Paxton, in fact, did the opposite. Instead of suing to stop the citizenship question, he joined the attorneys general of seventeen states in filing an amicus brief applauding its inclusion. The census has stirred political debate throughout its history, but the citizenship question and Trump’s vigorous defense of it (“Can you believe that the Radical Left Democrats want to do our new and very important Census Report without the all important Citizenship Question,” Trump tweeted) has turned a head count into a partisan quagmire. In Texas, even the complete-count committees—once a bipartisan no-brainer—are now suspect. 

“Some business leaders and elected officials have been nervous about even saying, ‘We need a complete count,’ because it’s seen as politicized, which is bonkers,” said Ann Beeson, the CEO of the Center for Public Policy Priorities, a liberal Texas think tank that has advocated for a robust census outreach effort.

In November, Democratic El Paso state representative César Blanco introduced a bill in the Texas House to create a statewide complete-count committee. It was referred to the House State Affairs Committee, but it never got a hearing or any Republican cosponsors. Blanco later introduced two budget riders to allocate $100 million for census outreach. They also went nowhere.

This isn’t surprising. James Dickey, the Texas Republican party’s chairman, told me that he supports the work of complete-count committees so long as they are run by “citizen volunteers,” and he thinks that the “overriding message for everyone should be to answer the survey completely and correctly.” Yet when I asked if he thought undocumented residents should be included, he referred me to the Texas GOP platform, which has, since 2016, called for “an actual count of United States citizens only,” a position that would reverse not only Census Bureau policy but also 230 years of precedent. (The national Republican party has taken a similar position.) 

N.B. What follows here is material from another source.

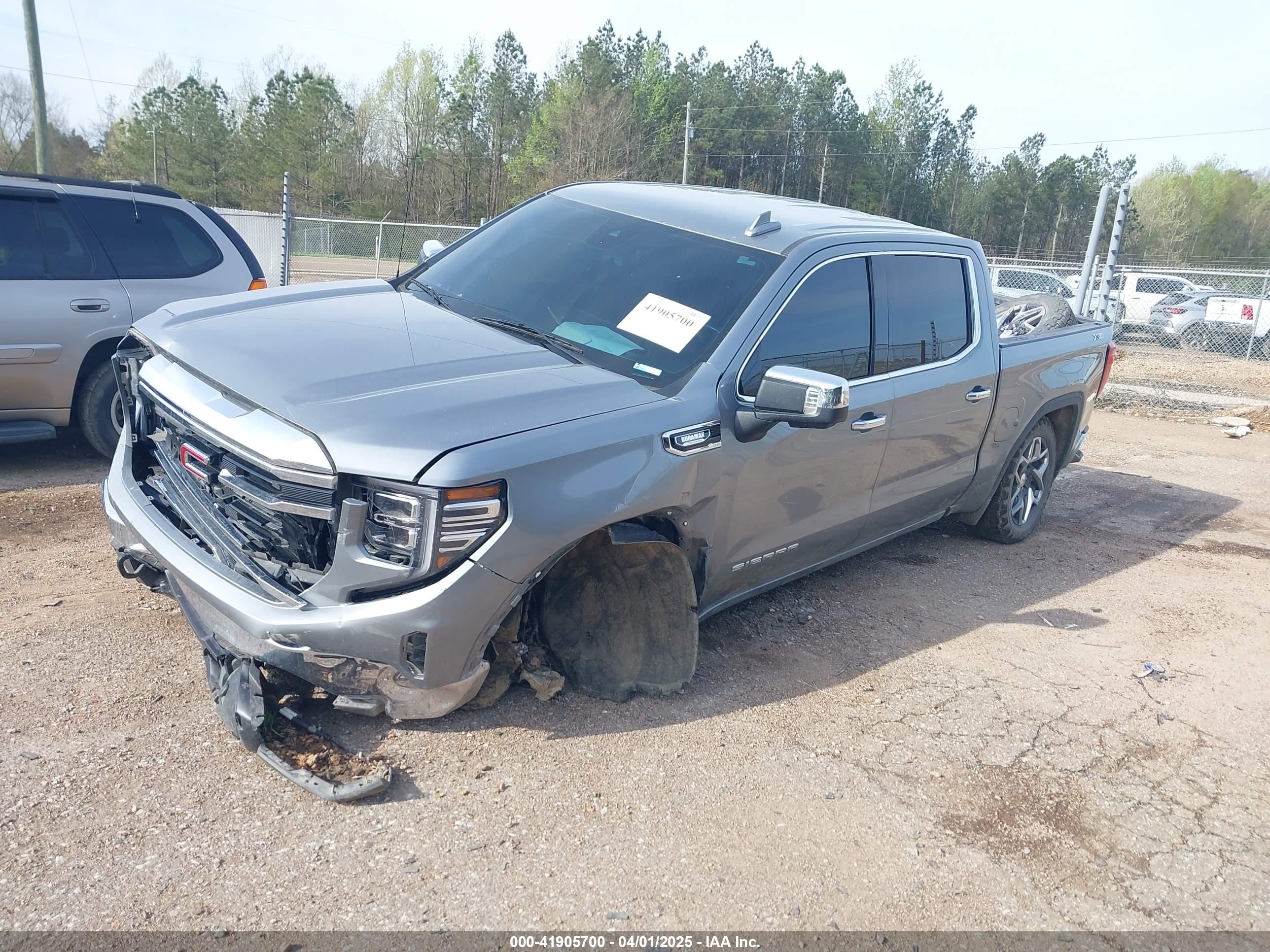 GMC SIERRA image 2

Blanco argues that if Texas doesn’t mount an aggressive census outreach, California will “eat our lunch,” since the Golden State plans to spend $154 million on the task. California is not an outlier. Twenty-nine states have launched complete-count efforts, a number that includes such Republican-controlled states as Georgia, which has earmarked $1.5 million for that purpose. So far, the Texas Legislature has not committed a cent. 

Blanco has sought to depoliticize the idea of a statewide complete-count committee, noting that former Republican governors Bill Clements and George W. Bush filed executive orders to encourage statewide participation. Governor Greg Abbott could do the same, and, indeed, Trump-supporting red-state governors like Arizona’s Doug Ducey and Kentucky’s Matt Bevin have issued complete-count executive orders. But Abbott has given no public indication he intends to do so, and he did not respond to a request for comment from Texas Monthly. 

When I asked Blanco about the citizenship question, he said, “Absolutely I’m concerned about it,” but he was hoping he’d win over colleagues with a less partisan message. It was the same one that members of the Hidalgo County Complete Count Committee were trying to spread: “I want to make sure Texas gets its fair share.”